The Jewish world used to say, “A chazzan is a na’ar – a cantor is a fool.” And the reason was because he’s a man who lives with emotion; he doesn’t live with thought.
That’s why you walk into some modern synagogue and you hear them singing, “Yehei ra’ava …”. I don’t want to sing the words the way they sing it. “May it be Your will that you open up my heart in the Torah.” People who never opened up anything more than a siddur; and they sing it so pathetically, יהא רעוא קדמך דתפתח ליבאי באורייתא. It’s the tune! Ahh, the tune! So you see that the words have nothing to do with the tune. It’s just music by itself. There’s no thinking in it.
And what is music after all? It’s nothing but the excitement of the nerves caused by sound waves. That’s all it is. And the sound waves come from a piece of dried cat gut.
However – and this was mentioned here – we have to know that it’s not false. There is a great truth in it. Because if music inspires us, it’s for the purpose of letting us know that there is within us a great world of nobility. It’s only the excitement that makes us aware of what we are, of what we can be.

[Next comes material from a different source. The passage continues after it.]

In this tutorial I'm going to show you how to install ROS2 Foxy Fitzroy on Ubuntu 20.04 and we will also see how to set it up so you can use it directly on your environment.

Life is wonderful! There are secrets in life! There is splendor in life! That we don’t see it is only because our eyes are fleshy eyes of materialism. But there’s no question that life itself, this world as long as we’re here, is full of the most splendid things to learn and understand and to do.
And we become aware of that, faintly aware, when we hear music. Music stirs in us tremendous ambition. But what do the fools do? So these wonderful feelings, the tune, they put in worthless words: “I love you.” “I want to be near with you.” “Forever and always and eternally.” And that’s a tragedy. It’s taking the the sublime emotions of our soul – our souls have depth, sublime depth – and we’re expending it on nothing.
And therefore it’s true! We have sublimity within us – music tells us what’s true about ourselves; it inspires us. Only that just as we’re ready to receive the great secret, all of the sudden this low character comes and gives the steering wheel a turn and we go off the track. We bump against a wall.
So therefore, music certainly has a place but only when it’s in the hands of righteous people. And that’s what the Kuzari says. What I’m telling you now is what the Kuzari said. The Kuzari – it was written 900 years ago – here’s his statement. He says that music was once “the servant of Hashem.” It was used in the Sanctuary by our greatest prophets. They had these noble ideas and they expressed them with a lyre and with a harp. And once you have the nobility of spirit, then the music coupled with that gives you the ability to raise your feet from the earth. It’s like an airplane. An airplane is able to fly if you fuel it. You put in the high octane fuel, then it soars. It goes to the clouds, above the clouds. And the man who has greatness of spirit, then together with music, he becomes much bigger than he was before.
But the Kuzari adds that today music has become the playthings of avodim u’shfachos, servants and servant girls. Music has become, he says, the accessory for immorality. What is most music? Most music is love songs. And if it’s military songs, not much better. So it’s martial music and love music. And that’s why music has been prostituted from its great place that it once had as a servant to Hashem.
Q:
You’re not including symphonic music in that, are you?
A:
The truth is I’m not including anything because I know beforehand that people have their ideas and –
Q:
But I know that you’ve mentioned in the past certain types of music, like pop music and that’s –
A:
Yes. The truth is I don’t want to bring it down to anything specifically because I know beforehand that people have ingrained attitudes towards it; people have their ideas. And I want to leave this place with your good opinion of me. So that’s why I’m speaking only generally.